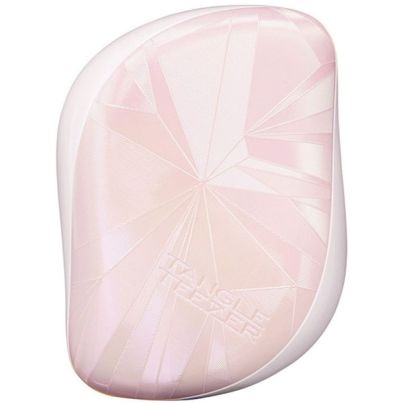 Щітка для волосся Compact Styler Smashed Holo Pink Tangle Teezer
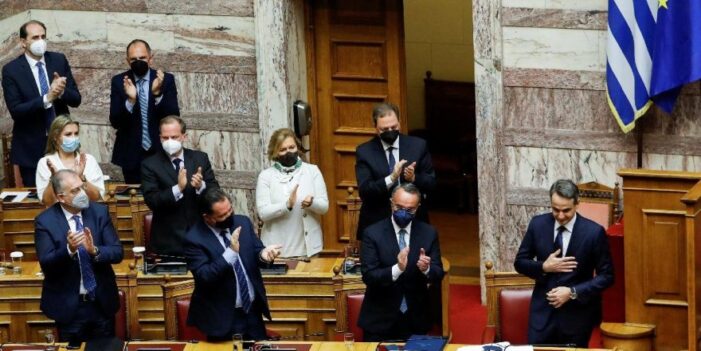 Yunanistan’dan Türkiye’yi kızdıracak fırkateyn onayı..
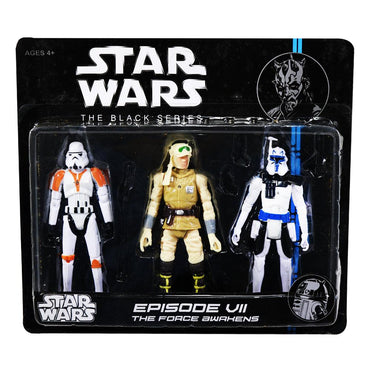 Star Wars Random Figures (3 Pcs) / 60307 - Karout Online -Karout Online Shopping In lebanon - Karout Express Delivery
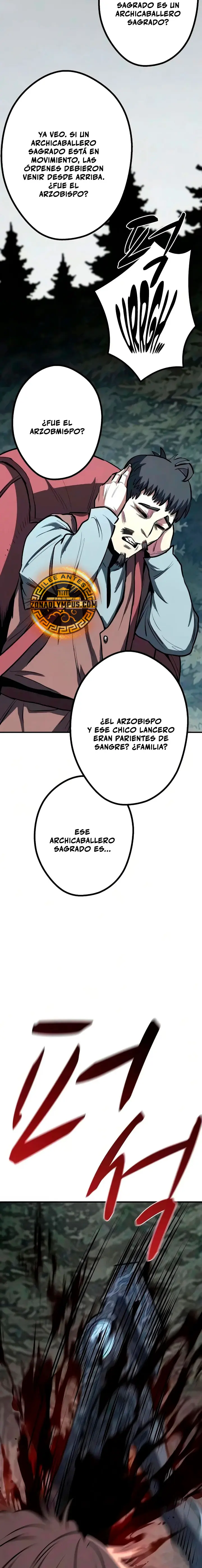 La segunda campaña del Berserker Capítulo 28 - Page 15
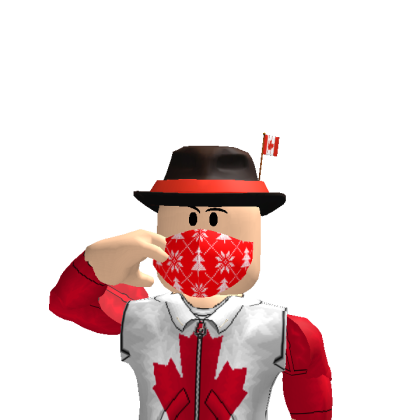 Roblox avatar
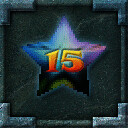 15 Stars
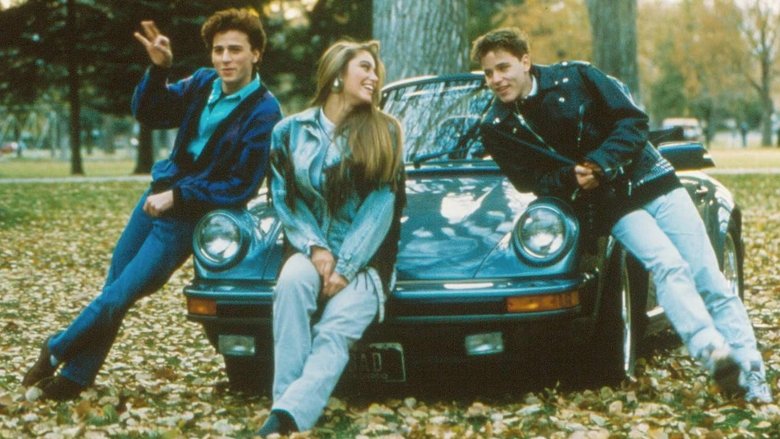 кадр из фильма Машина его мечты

# Work instruction
Set down all of the material above exactly as written, leaving the pictures out.

# Written response
 Щітка для волосся Compact Styler Smashed Holo Pink Tangle Teezer
 Yunanistan’dan Türkiye’yi kızdıracak fırkateyn onayı..
 Star Wars Random Figures (3 Pcs) / 60307 - Karout Online -Karout Online Shopping In lebanon - Karout Express Delivery
 La segunda campaña del Berserker Capítulo 28 - Page 15
 Roblox avatar
 15 Stars
 кадр из фильма Машина его мечты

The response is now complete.